In order to get a better picture of what a brokerage statement contains, let’s discuss some important features of it.

A Brokerage Statement's

Key Terms & Features

Brokerage statements can look different depending on the platform you use, though there are some common features.

Have a look at this statement from December 2020. Whenever you look at your brokerage statements from any time period, ensure that you are focused on the important stuff. That way you won’t get overwhelmed because what happens more often than not is that many beginners get caught up in trying to absorb each and every row and column of a statement. Fact is, only a few sections need to be looked at minutely.

Gross & Net P/L

Sections of a brokerage statement allow you to see the amount of money you’ve made or lost on your investments during a given time period.

Gross profit or loss refers to how much money you made or lost overall while net profit/loss refers to how much money you made or lost after deducting expenses (like your platform fee). For example, on December 3, 2020, you can see that I bought into a position at around $913,000 and sold it off for $827,000. This trade accounted for a gross loss of $85,234.03. When you include the total commissions, the net loss on the trade is $87,032.59. On the contrary, all the trades I made on the week of December 7th led to a profit, which led to a gross profit of $780,000 for that week. These sections enable you to track and monitor your performance by showing you what’s going on with your investments and how they’re doing. Based on the numbers you will know if your strategies are spot on or need tweaks. 

Shares Bought & Sold

The brokerage statement also tells you what buy and sell activities have happened in the account during the given time period.

Any transactions with shares going in or out get documented here. The first two (highlighted above) columns depict the number of shares and the next two depict their value.

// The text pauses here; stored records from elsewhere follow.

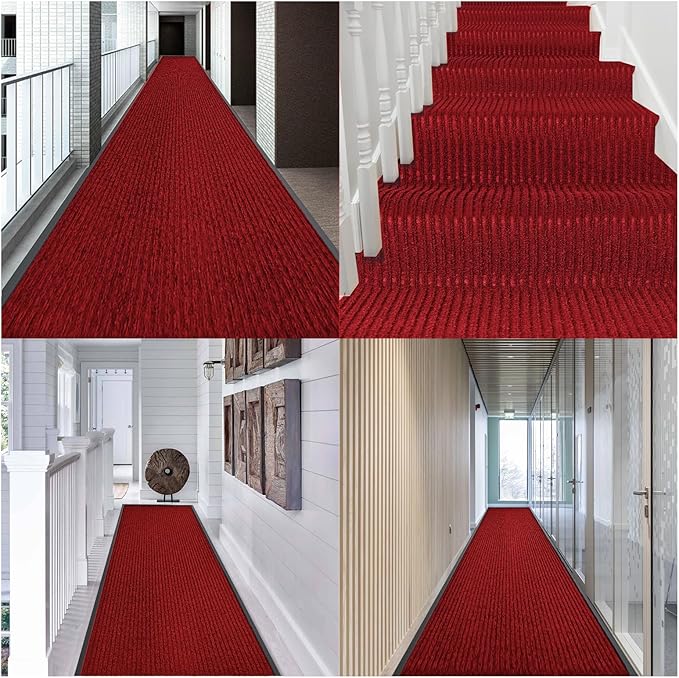 Rubber Door Mat About W3' ×L10' Heavy Duty Large Outdoor Indoor Mat Durable Entrance Doormat Waterproof Rubber Back Rugs for Home Entryway Patio Porch Office Business Areas (Wine Red)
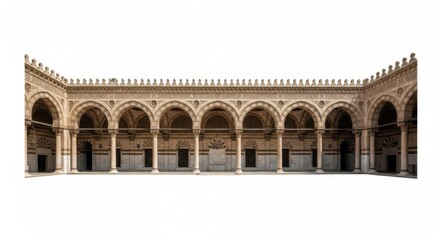 Obraz premium Courtyard of Great Mosque of Kairouan - Medina Architecture, Islamic Heritage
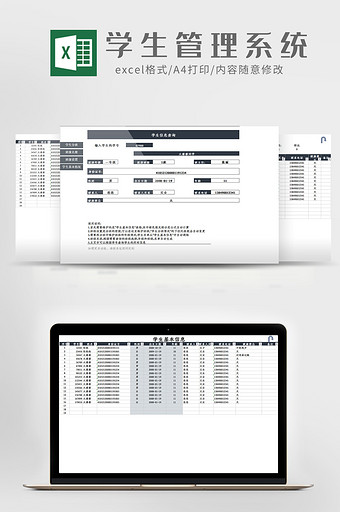 学校学生信息管理系统Excel模板图片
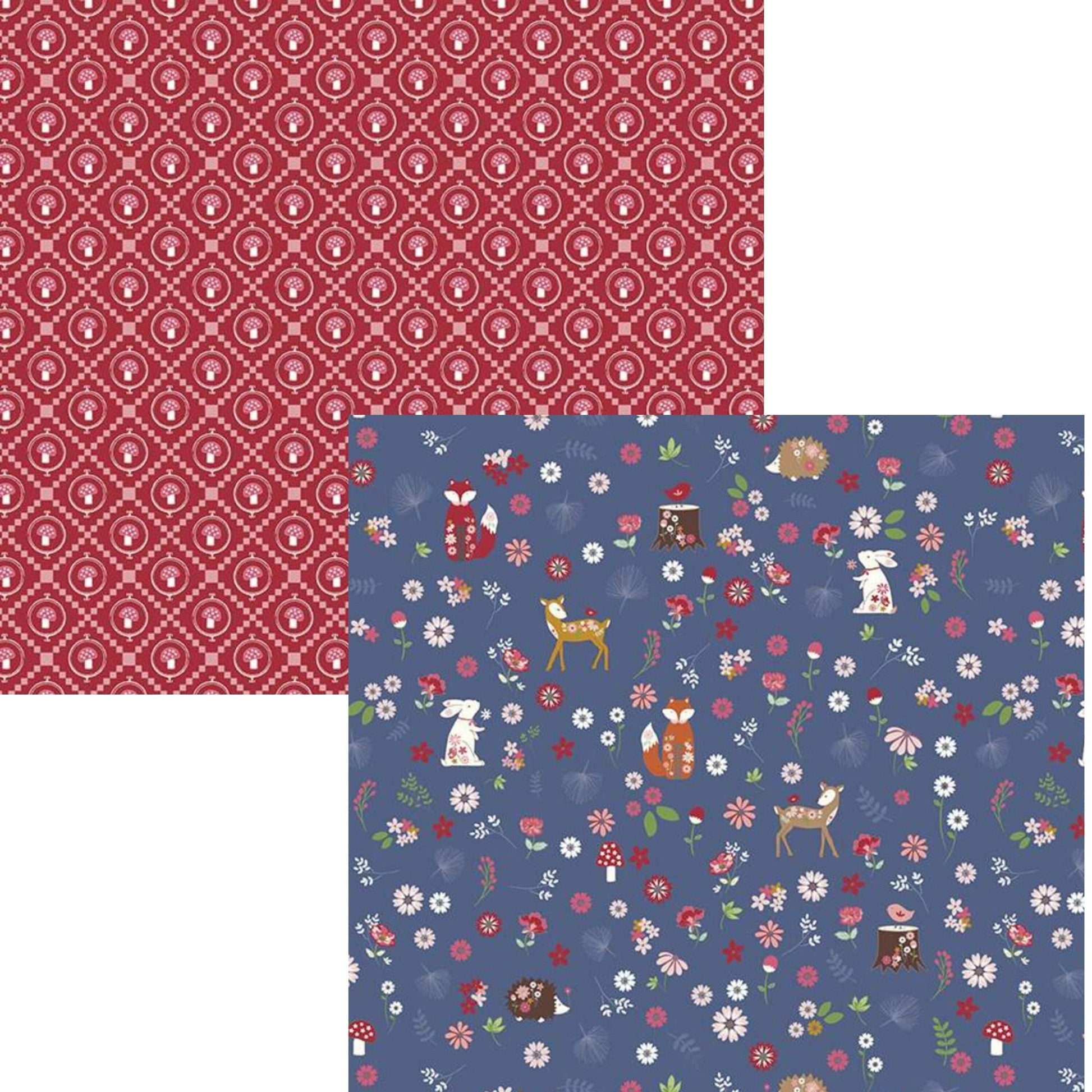 Enchanted Meadow Forest Friends Denim - LAMINATED Cotton Fabric - Riley Blake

It’s important to check this data to check for any discrepancies. When you are going long, you can see that the shares buy and shares sell numbers are the same, as displayed on December 3, 4, 15, 16 and 17. When you short a position, sometimes some positions get stuck due to trading volume and expiration dates, so you may see some discrepancies between the numbers of shares bought and sold. *While a day trader may want to exit their position completely, when you are trading with a lot of capital, there are times where you may not be able to get out of 100% of your position. 

Commission & Other Fees

This is the section that contains the commission charged along with fees associated with your account for the time period.

The total commission field is the fee that the brokerage earns for helping you place your trade. The SEC, Trading Activity Fee (TAF) et al are regulatory fees charged on the sale of any security. These fees are automatically debited from the proceeds of any security sale. On December 11, you can see that TradeZero made $1,325 on my $293k profit trade, along with the minor fees that come from the regulatory sources. You must check this section every time to spot if there are any unwanted and unexpected charges. With this short term information, you can piece it together to figure out long term progress.  

By extrapolating my account brokerage statements, I am able to analyze my progress, whether my strategies have been working, and what I need to tweak.

Staying on top

In order to stay on top of your financial progress and to track it, you must set up receiving your brokerage statements right away.

You can subscribe to monthly statements so they’re delivered to you either by traditional mail or email. Alternatively, you can see the statement of all your transactions along with your billing details with your broker, i.e. your ‘ledger’ by logging in to the platform. Now that you know what a brokerage statement looks like and what it contains, you’ll be less intimidated by it in the future.